Inspecting the JVM can be done through several methods: JMX (jvisualvm as jconsole uses JMX for remote access), daemon (jstatd is a daemon that can be run in the server and then use jstat to connect to the it - There is no permissions here, so be careful where you run it), attach (It is used by jmap, jcmd and lps. Only available locally and for the same user). The file /tmp/hsperfdata has lot of JVM runtime information which is constantly updated by the JVM. Use jstack command for core files or non responsive jvm. Use it as last resort, it uses the debugger to pull information. JVM built-in profiler and tracer use a circular buffer with low overhead.
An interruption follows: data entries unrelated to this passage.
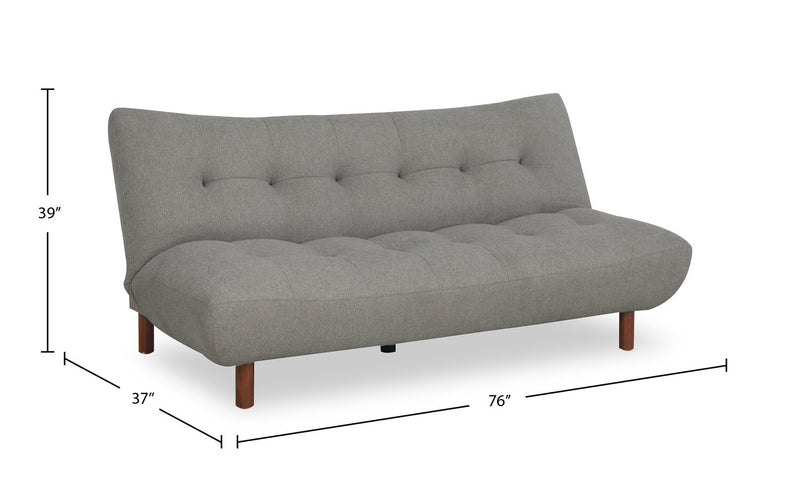 Futon Campus de 76 po en tissu avec mécanisme Klik Klak, capitonnage et pattes en bois - gris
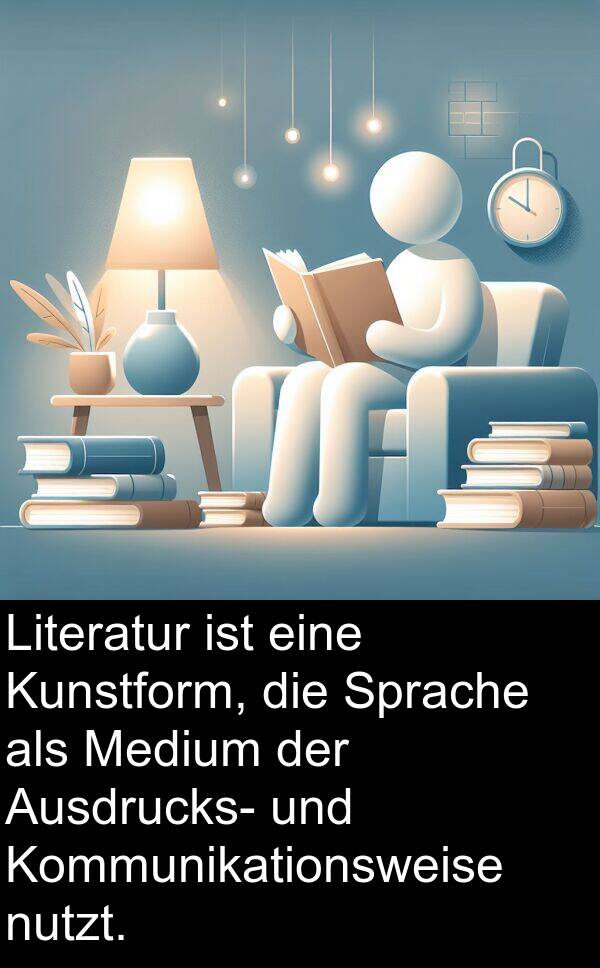 Medium: Literatur ist eine Kunstform, die Sprache als Medium der Ausdrucks- und Kommunikationsweise nutzt.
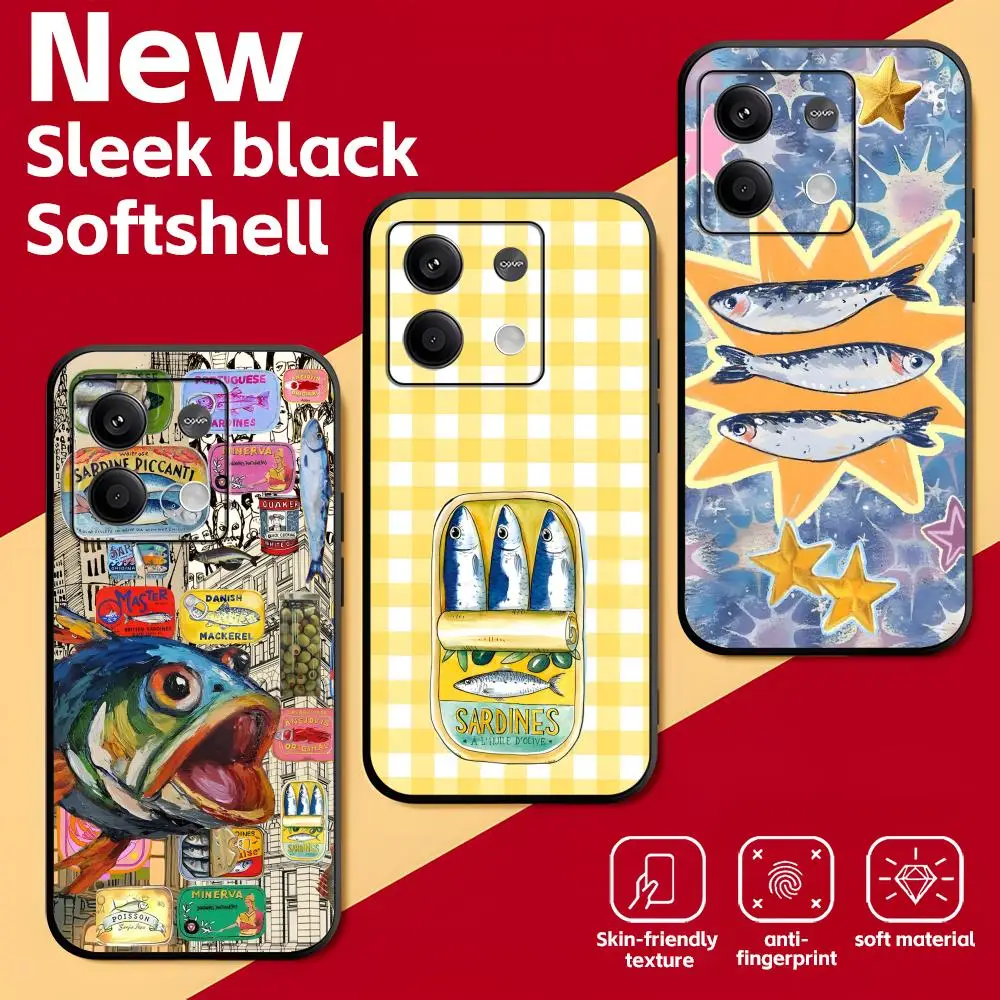 Чехол для телефона Sardines, мягкий черный чехол для телефона Redmi Note 11 12 13 14 Pro Plus S 5G 14C A3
It collects info from JVM.

Command jcmd should replace in the future jstack, jmap, jinfo. Improved Logging for the JVM like garbage collector logs have rotation but not the rest so the plan is to unify them.

The Java Discovery Protocol (JEP 158) will be used to broadcast information from the jvm so tools like jvisualvm can be notified.

JRockit Mission Control can be used to find duplicated Strings for example (those candidates for interning right :), we know we can use tools like Eclipse memory analyzer (MAT) for that but certainly it would be nice if the JDK itself comes with the tools we need as developers (the one-stop shop concept saves time of course)

Intel presented their SPECjbb2012 results for JDK7. They found no issues with most APIs: New I/O, JAXB, Try-with-resource, Catching Multiple Exceptions types, Type Inference for Generics Instance creation, Underscores in constants, Concurrent Utilities. However the Fork/Join Pool was found to be the big problem: Contentions and network throughput issues. JDK8 according to Oracle is simplifying this API so probably they will correct these detected issues.

The need to move to Java7 is clear. Just to mention a fact even though there is commitment to patch security bugs for JDK6 the support for it will cease in 2013. But there is more.

Find out from the jdk7 release notes website what is new in jdk7. Here are some of those features: string switch, diamond operator, simplified exception handling, better garbage collection (the basis of G1), multi-catch and try with (exceptions improvements)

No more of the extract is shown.